Take Me Away Q&A with J.M. Field

As May rapidly approaches, we are so excited to welcome you to the Festival and to introduce you to the writers who make it all worthwhile. To awaken your Festival spirit, we're got a series of Q&As to introduce some of the 2024 participants. Get to know them as we discuss their reading, their writing practice and the Festival theme, Take Me Away.

First off the mark is J.M. Field, author of the picture book Etta and the Shadow Taboo with illustrator Jeremy Worrall. J.M. is a Gamilaraay mari from Moree way who grew up on Darug land in a small town along the Great Dividing Range. Etta and the Shadow Taboo is his first book.

Which book would you take to a deserted island?

Their Eyes Were Were Watching God by Zora Neale Hurston. Every couple of months I pick this book up, flip to a random page, and get lost again in Neale Hurston’s skill with words. It’s very corny to say but this book makes me want to fall in love, both with people and with living.

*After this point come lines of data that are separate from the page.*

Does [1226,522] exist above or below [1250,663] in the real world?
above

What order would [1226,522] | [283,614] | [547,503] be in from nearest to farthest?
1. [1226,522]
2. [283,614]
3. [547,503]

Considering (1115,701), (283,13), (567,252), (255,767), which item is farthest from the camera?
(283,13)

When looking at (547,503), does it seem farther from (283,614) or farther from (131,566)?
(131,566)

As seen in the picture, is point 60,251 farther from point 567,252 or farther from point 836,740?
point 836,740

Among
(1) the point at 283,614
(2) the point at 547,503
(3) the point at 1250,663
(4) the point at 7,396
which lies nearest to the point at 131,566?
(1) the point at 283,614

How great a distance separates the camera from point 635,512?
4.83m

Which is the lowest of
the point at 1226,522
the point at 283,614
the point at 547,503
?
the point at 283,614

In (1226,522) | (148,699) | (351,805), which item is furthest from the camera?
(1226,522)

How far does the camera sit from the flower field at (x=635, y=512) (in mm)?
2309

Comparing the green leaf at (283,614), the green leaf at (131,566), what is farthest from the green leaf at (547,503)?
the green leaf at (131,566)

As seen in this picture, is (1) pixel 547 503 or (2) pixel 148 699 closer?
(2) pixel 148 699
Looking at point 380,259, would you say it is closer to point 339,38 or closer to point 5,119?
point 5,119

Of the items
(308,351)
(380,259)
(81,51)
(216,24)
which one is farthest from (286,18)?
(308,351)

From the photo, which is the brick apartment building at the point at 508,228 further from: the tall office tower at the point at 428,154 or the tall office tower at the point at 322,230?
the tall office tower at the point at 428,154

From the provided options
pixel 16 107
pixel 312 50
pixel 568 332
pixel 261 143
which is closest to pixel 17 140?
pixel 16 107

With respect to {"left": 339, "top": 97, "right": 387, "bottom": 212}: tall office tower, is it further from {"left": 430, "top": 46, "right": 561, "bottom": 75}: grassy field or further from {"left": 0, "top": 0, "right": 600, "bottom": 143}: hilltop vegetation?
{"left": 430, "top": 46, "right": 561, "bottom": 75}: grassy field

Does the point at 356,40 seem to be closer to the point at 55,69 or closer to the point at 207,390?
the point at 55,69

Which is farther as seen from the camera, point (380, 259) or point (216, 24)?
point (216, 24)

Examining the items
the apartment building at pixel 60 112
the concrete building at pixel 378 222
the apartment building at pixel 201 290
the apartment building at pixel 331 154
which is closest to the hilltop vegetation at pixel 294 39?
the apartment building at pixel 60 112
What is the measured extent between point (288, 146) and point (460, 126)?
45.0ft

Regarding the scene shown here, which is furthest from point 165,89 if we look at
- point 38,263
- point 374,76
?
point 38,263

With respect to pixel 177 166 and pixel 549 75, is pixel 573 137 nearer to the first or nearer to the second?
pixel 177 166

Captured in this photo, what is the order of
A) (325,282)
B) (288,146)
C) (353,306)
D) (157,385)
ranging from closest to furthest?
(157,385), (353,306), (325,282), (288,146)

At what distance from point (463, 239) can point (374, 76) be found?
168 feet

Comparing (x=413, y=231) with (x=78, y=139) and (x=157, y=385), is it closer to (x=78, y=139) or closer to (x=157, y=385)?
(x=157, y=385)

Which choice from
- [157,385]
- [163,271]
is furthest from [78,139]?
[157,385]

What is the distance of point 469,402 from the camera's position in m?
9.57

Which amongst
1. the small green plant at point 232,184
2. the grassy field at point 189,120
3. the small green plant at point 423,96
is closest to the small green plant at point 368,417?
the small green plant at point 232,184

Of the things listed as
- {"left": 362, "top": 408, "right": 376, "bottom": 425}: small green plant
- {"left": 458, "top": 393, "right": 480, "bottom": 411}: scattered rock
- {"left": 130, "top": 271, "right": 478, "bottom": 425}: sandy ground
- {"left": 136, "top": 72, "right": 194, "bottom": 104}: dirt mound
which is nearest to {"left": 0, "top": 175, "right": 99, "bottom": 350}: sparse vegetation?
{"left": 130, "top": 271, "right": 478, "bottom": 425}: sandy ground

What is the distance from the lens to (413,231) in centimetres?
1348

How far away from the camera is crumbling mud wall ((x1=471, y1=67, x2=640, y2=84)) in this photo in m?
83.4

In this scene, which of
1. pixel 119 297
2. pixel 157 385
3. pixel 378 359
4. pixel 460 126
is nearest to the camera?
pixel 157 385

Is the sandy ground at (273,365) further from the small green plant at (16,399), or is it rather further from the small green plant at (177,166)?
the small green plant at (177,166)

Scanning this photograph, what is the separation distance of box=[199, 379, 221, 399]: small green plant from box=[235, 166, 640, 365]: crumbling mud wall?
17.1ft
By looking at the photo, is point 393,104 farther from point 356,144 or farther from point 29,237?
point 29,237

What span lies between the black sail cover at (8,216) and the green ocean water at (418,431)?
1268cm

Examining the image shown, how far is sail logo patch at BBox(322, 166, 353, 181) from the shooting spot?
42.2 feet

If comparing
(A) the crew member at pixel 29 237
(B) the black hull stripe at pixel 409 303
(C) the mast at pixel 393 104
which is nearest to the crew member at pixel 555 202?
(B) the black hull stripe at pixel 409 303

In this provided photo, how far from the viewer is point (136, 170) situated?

A triumph of Black literature! 

What kind of books do you get lost in while reading?

Fantasy and sci-fi – a welcome break from my academic life – but only by authors that have something real to say. Sounds odd, I know, but many authors of these genres use them to escape, instead of to understand, to make sense. Octavia Butler woke me up to this and I’m ever grateful.

Is there a book you wish you could read for the first time again?

Wild Seed by Octavia Butler.

You have such an impressive background in mathematics and French literature, studying at the University of Sydney and Oxford University before beginning your McKenzie Fellowship at the University of Melbourne. What made you interested in writing a picture book?

I was very lucky to have grown up in a Gamilaraay family that kept many of our traditions – such as shadow avoidance as in Etta. This is despite the best efforts of the missionaries and government policy prohibiting the practice of culture. The writing of this picture book, and other projects in the works, come less from an interest and more from a need or a compulsion to share.

How did you and illustrator Jeremy Worrall collaborate on Etta and the Shadow Taboo? Was there a lot of back-and-forth?

Oh my lord, so much back-and-forth. I honestly don’t know how Jeremy and I are still friends – every couple of weeks he’d send an absolutely beautiful work-in-progress and I’d say: I love it but not for Etta. The vision I had was very clear: a stripped back palette, colours reminiscent of Country, and a style that gave a nod to our traditional carving.

Between this and being culturally sensitive (sharing the right amount), the back-and-forth between us took 2-3 years.

What events are looking forward to attending at the Festival?

Firetalk and Trailblazing Women. The first because, like all Murris, I’m a sucker for freaky yarns and ghost stories. The second because Sara M Saleh is speaking – I attended her Sydney launch of The Flirtation of Girls and loved hearing her readings.